Small models are disappointing. Unfortunately, any model small enough to work on consumer hardware would not feel like a competent opponent.
Flagship models play at a level that I would describe as potentially interesting to beginner-level players. However, most players would quickly learn to out-play the LLMs.
I made the AIs play many games against each other. I used an ELO system to rank the players.
If you aren't familiar with ELO the gist is that every 400 points on the scale represents 10x better odds of winning. For example, if two models have ranks 200 and 600, the former model is estimated to win 1/10 times. If the two models have ranks 200 and 1000, the former model is estimated to win 1/100 times.
(ELO rankings are not comparable across benchmarks. My rankings are normalized on the random
AI having an ELO of 0.)
Name | Elo |
---|---|
bigmoney | 958 |
gpt-4o | 958 |
claude-3-5-sonnet | 958 |
llama3.1-405B-instruct-turbo | 836 |
naive | 757 |
llama3.1-70B-instruct-turbo | 745 |
gpt-4o-mini | 432 |
llama3.1-8B-instruct-turbo | 382 |
random | 0 |
The rankings show that small models and large models are on a different playing field. gpt-4o
and claude-sonnet
are neck and neck. (Many more rounds might reveal that one has an edge over the other but I don't care enough to spend the $$.) The flagship models have a slight edge over a naive
procedural algorithm. Private models perform slightly better at this task than their open source counterparts.
- Each inference in my experiment is limited to <4k tokens, but many models can accommodate many more tokens. It would be interesting to explore testing if providing more context (in the form of more detailed logs, strategy articles from the internet, etc...) results in measurably improved performance.
- Comparing these models with current state of the art Dominion AIs would not be interesting. The LLMs would be crushed.

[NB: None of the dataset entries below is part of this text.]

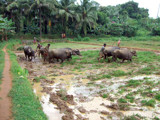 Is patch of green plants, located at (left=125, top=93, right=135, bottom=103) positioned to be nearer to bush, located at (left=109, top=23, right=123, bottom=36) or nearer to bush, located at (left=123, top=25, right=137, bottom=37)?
bush, located at (left=109, top=23, right=123, bottom=36)

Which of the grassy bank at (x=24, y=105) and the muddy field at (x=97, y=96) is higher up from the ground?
the grassy bank at (x=24, y=105)

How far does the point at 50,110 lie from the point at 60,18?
1079 inches

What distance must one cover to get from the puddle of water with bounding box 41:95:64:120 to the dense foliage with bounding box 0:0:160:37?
23560 mm

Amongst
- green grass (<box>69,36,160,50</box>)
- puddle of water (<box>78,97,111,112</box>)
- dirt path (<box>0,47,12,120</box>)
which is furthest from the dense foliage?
puddle of water (<box>78,97,111,112</box>)

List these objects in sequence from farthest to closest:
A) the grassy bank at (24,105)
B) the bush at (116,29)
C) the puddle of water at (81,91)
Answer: the bush at (116,29) → the puddle of water at (81,91) → the grassy bank at (24,105)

- The 8B and 70B Llama models aren't even in the same league. However, the 405B model only beats the 70B model in 2/3rds of games. The private flagship models perform slightly better than the 405B model. These results might imply substantial diminishing returns on reasoning capabilities.
- If much more capable models can exist, this benchmark has plenty of room for growth. I also believe it would be hard for models to game this benchmark. As new models are released, I may come back and update this page with the results.
- It could be interesting to compare how quantization affects these scores. (ex compare q2/3 405B model vs full weight 70B model)
This is essentially two packages, plus some helper scripts.
- Run
npm install
in the base directory andllmai
. - Create a file
llmai/src/config.json
and fill in your*_API_KEY
s - Run
npm run build
in thellmai
directory.
compete.js will continually run matches between AIs
stats.js will normalize the elo rankings based the data stored in the logs directory.
Usage: node ./lib/main.js [--player <AI_Name>] [--seed <seed>]
AIs available:
cli
lmstudioai -- (Play against a model running locally)
naive
bigmoney
random
claude-3-5-sonnet
claude-3-5-sonnet-new
gpt-4 -- (Pretty expensive to run)
gpt-4o
gpt-4o-mini
llama3.1-405B-instruct-turbo
llama3.1-70B-instruct-turbo
llama3.1-8B-instruct-turbo
deepseek-chat
deepseek-reasoner
Sets available:
Base Set (second edition)
(Note, requests to LLM apis are not deterministic and therefore the RNG seed will not reproduce between games with LLM opponents.)